Bill Paulus sought to change that on his campus. As Associate Vice President of Facilities Management at the University of Minnesota (UMN), Paulus has spent years developing and fine-tuning the “Facility Roles Program” (FRP) across UMN’s five campuses.

University of Minnesota Facility Roles Program

At the Higher Ed Facilities Forum, Paulus shared how he improved communication and collaboration between the FM department and others by creating facilities lead roles embedded in every single college and department on each of UMN’s five campuses.

Managing Five UMN Campuses at Once

As a sprawling public university offering many complex degree programs, UMN allocates a whopping $4 billion annual budget to ensure everything is well-maintained. With so many facilities (and so many dollars) at stake, keeping chaos at bay poses quite a challenge, particularly since the administration is so decentralized. But those factors also contribute to its success, Paulus explained.

“We’re only one of five university campuses in the country with a college of engineering, med school, law school, veterinary school, and agriculture school, plus all the others on campus, so that kind of creates the complexity that allowed us to create the solution,” said Paulus. “If that’s not you, a different solution may be better for you,” he said.

Connections between the university providers and the customers

Paulus shared a slide he made in 2006 when he first started that he still uses today. It demonstrated the connections between the university providers and the customers. When you look at the arrows going in all directions, the difficulty in managing such a complex — and potentially chaotic — program becomes clear.

“Each unit thought differently and wanted to behave differently,” he said.

The bowtie strategy-FM

He described his vision for implementing what he called a “bowtie” because the structure of the graph looked similar to its namesake. The providers (FM, EHS, capital planning, public safety) were one triangle of the bowtie, with the customers (VP, dean, department, center, faculty) on the other side. Each side narrowed down to one point of contact, representing their respective sides. Then the two points of contact met in the middle of the bowtie, with a Service Level Agreement, so everyone was on the same page with the same expectations

Opportunity and History

In 2007, FM formed a “coalition of the willing” and continued refining the process until today. Paulus highlighted some of the program's milestones since its inception, to show that their progress had been a long journey, and managers shouldn’t expect these changes to happen overnight.  

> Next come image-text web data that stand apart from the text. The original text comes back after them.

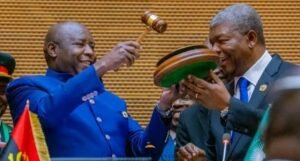 IMG_20260245_235130055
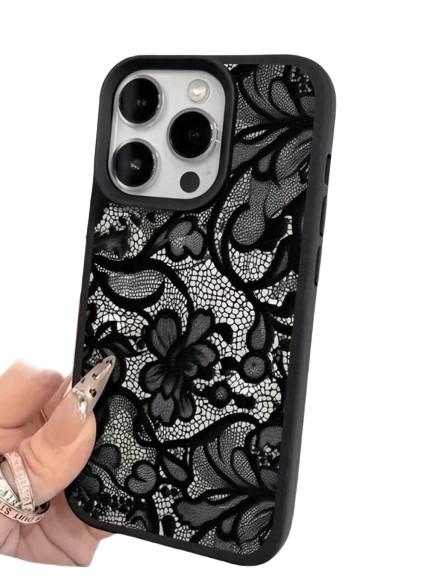 ETUI NA TELEFON iphone 16 pro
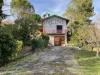Villa in vendita con box doppio in larghezza a Serra San Quirico - 03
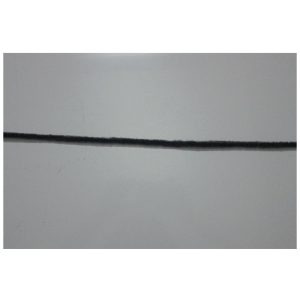 Polar Door Gasket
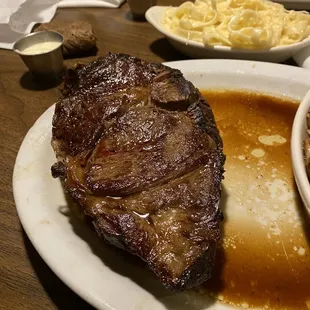 Prime Rib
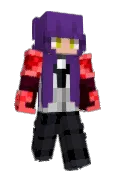 LesteDraco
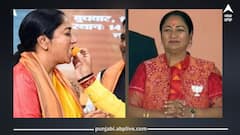 ਦਿੱਲੀ ਦੀ CM ਰੇਖਾ ਗੁਪਤਾ ਕੋਲ ਨਹੀਂ ਹੋਣਗੀਆਂ ਇਹ ਸ਼ਕਤੀਆਂ, ਜੋ ਦੂਜੇ ਰਾਜਾਂ ਦੇ ਮੁੱਖ ਮੰਤਰੀਆਂ ਕੋਲ?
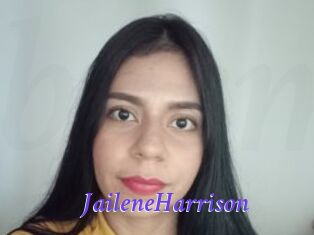 JaileneHarrison Bdsm gratuit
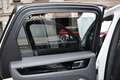 Porsche Cayenne Aut. Blanco - thumbnail 37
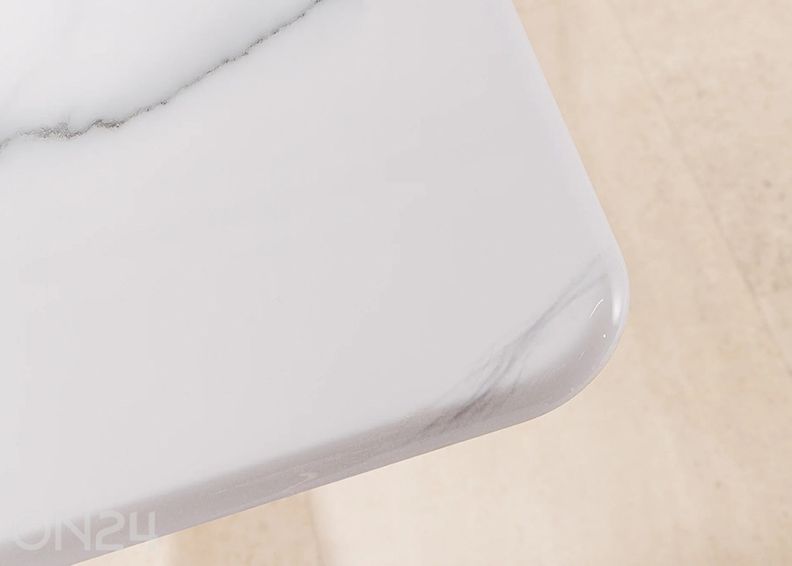 Diivanilaud Art Living suurendatud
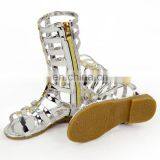Little Girls Sandals Kids Shoes Wholesale Fashion Boutique Wholesale Shoes thumbnail-4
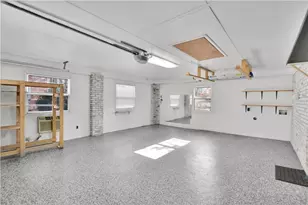 2301 Echo Hills Cir NE, Atlanta, GA 30345 - Photo 38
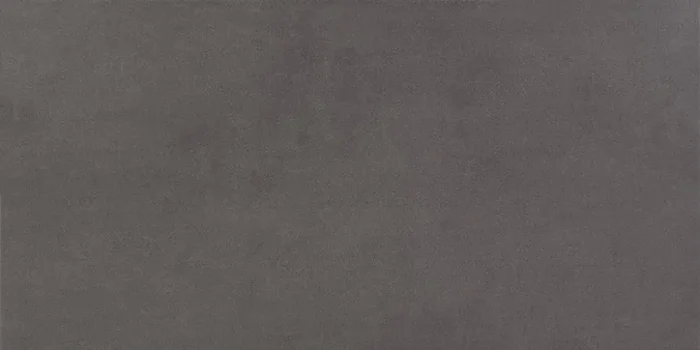 Muster 30×60 cm für Agrob Buchtal Unique Basalt Fliese 30×60 R10/A Art.-Nr. 433672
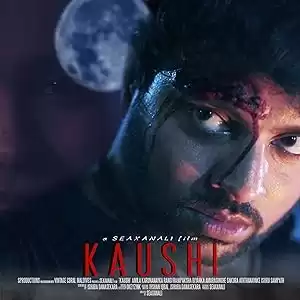 Kaushi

For example, when Bridge Group (an informal group formed to streamline facility maintenance) started laying the groundwork for better communication and relationships, it took eight years to launch his formal project in 2015. From there, the Facility Roles Program was added in 2016, and with subsequent tweaking and additional technology, the FM program evolved into the crystal-clear process in place today.

“Our Chief Financial Officer had driven this with the colleges by saying, ‘I want one person to be your financial contact. You give me one person and I will figure out the financial plan for your college.’ We wanted to leverage that for our facility business,” Paulus said.

New Facilities Management Roles

The structure or hierarchy created for FRP included, from bottom to top:

  • PBC - Primary Building Contact
  • DFR - Department Facility Representative
  • RRC-FL - RRC Facility Lead
  • RRC - Resource Responsibility Lead

"I can work with 47 people. I can’t manage 20,000 people, but I can manage 47."


“For our main campus of 23 million square feet with 1,000 different departments, I can get to every space on campus with 47 people because we’ve organized by way of this facility lead role,” said Paulus. “I can work with 47 people. I can’t manage 20,000 people, but I can manage 47.”

For example, the College of Liberal Arts assigned an RRC-FL (one per department) to manage each of the departments of that college. Each had a DFR responsible for all the buildings in their department, regardless of location, such as the DFR for the English department. A PBC for Rapson Hall reports any facilities management needs to the DFR, who reports to RRC-FL for the College of Liberal Arts. Each RRC-FL reports to the one RRC to present the needs to FM.

FRP roles by the numbers

Got that? It sounds complicated on paper, but it works in practice. They also found it useful to further break down the DFR position into four sub-roles for the more complex schools:

  • DFR-Primary: A liaison for communications who can also provide building access
  • DFR-Alternate: A backup of the primary
  • DFR-Card/Key: An additional access provider for more complex programs
  • DFR-Space: Manages changes in department space

In total, around 1,000 managers oversee FM needs across the five campuses.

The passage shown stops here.